Mailing-List: contact user-help@accumulo.apache.org; run by ezmlm
Precedence: bulk
Reply-To: user@accumulo.apache.org
Message-ID: <55CB6E35.5000602@gmail.com>
Date: Wed, 12 Aug 2015 12:03:01 -0400
From: Josh Elser <josh.elser@gmail.com>
User-Agent: Postbox 3.0.11 (Macintosh/20140602)
MIME-Version: 1.0
To: user@accumulo.apache.org
Subject: Re: map-reduce workflows given index tables
References: <55CB5259.4080808@jhu.edu>
In-Reply-To: <55CB5259.4080808@jhu.edu>
Content-Type: text/plain; charset=UTF-8; format=flowed
Content-Transfer-Encoding: 7bit

Max Thomas wrote:
> Suppose you have a workflow like the following (hopefully not too
> uncommon):
>
> * "main table" - billions of rows, each with order of magnitude 100 columns
> * Ternary classifier that produces an annotation on each row in the main
> table. Suppose the labels are A, B, and C. Additionally, this analytic
> adds all labels to an index table, which is of the form:
>
> label : rowId

Can you clarify what you mean by "annotation on each row in the main 
table"? Another column in the row?

> to facilitate lookups of a particular type.
>
> Now, suppose you want to run another analytic over all rows with label
> A, preferably using MapReduce. It seems the options are:
>
> 1. Create a scanner which retrieves all As from the index table; add
> these row IDs to an AccumuloInputFormat job; launch a MapReduce job with
> a single map phase. Con: driver program will need a large amount of
> memory to hold all rows for the range list.

A single node/process doing this all may be a point of contention 
depending on the number of Accumulo nodes in the system. You'd also need 
to be tricky about batching things and making sure you don't run out of 
memory like you outlined.

> 2. A MapReduce job over the index table, with a Reduce phase where each
> reducer has a collection of row IDs to iterate over. Each reducer then
> retrieves its assigned rows and runs over them.

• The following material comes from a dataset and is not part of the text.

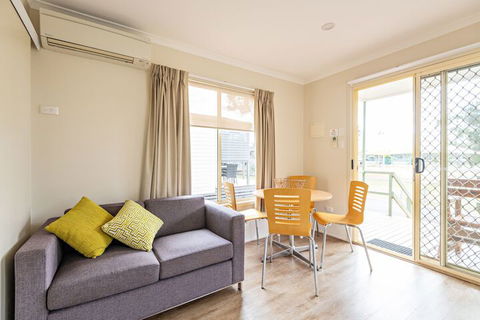 Holiday Haven Lake Conjola - Southport Accommodation 3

This should work and is likely the easiest way to run this type of 
algorithm over multiple nodes. IMO, this is getting close to the point 
of using MapReduce as a hammer to drive a screw. It will work, but it's 
not an ideal solution.

> 3. Run over the entire main table with a naive filter to check
> classification type. Cons: hits every row, many of which aren't going to
> match.
>
> 4. AccumuloMultiTableFormat, Filters/Iterators - don't seem appropriate
> here
>
> It seems option #2 is ideal, with option #1 possibly working out too.
> But, I want to make sure I'm not missing something, as it doesn't seem
> possible to set up a workflow where the index table is hit, row IDs are
> retrieved, and these are then passed to another MapReduce job capable of
> hitting a different table via MapReduce (obviously one could create a
> BatchScanner given the inputs anywhere). Are there any examples that
> cover this? Or does anyone have a few suggestions about how to set up
> such a workflow?

I like to think of these in terms of producer/consumer problems.

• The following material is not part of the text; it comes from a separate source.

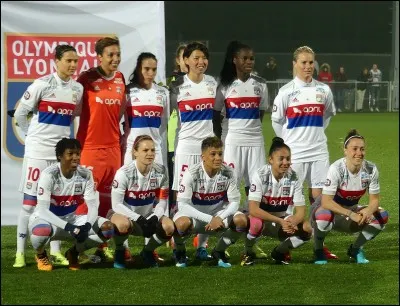 Quel est le surnom de l'équipe de football féminin de l'OL ?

0) Take label, start a query over index table
1) Produce row IDs from your index table
2) For each consumed row ID, run a query against the main table
3) Collect the rows from the main table query (transform/massage them 
for presentation)

Steps 1 and 2 can be disjoint from one another. As you get more row IDs, 
you shoot them over to some other process that takes them and runs a 
query against the main table.

Trivially, you could do this via a thread pool, but this will still be 
limited to a single node's capabilities (which may or may not be 
sufficient). Scaling beyond that, something like a custom YARN 
application for scaling and some messaging system (maybe Kafka?) could 
act as the transport between 1 and 2. It's a lot more work to write than 
a MapReduce job would be, but you have a lot more control over things 
and it's bit more elegant IMO.

> Another answer might very well be: this is a wacky table/indexing setup,
> which I am very amenable to hearing. But to a naive Accumulo user,
> having an index table seems OK - I think it is also covered in the manual.

Index tables are a very good idea. You should use them :). Accumulo only 
provides a single sort order. Often, this isn't sufficient for the types 
of queries you want to support over your data. A secondary index is an 
easy way to achieve this that works out well given the availability of 
lots of space on your Hadoop cluster.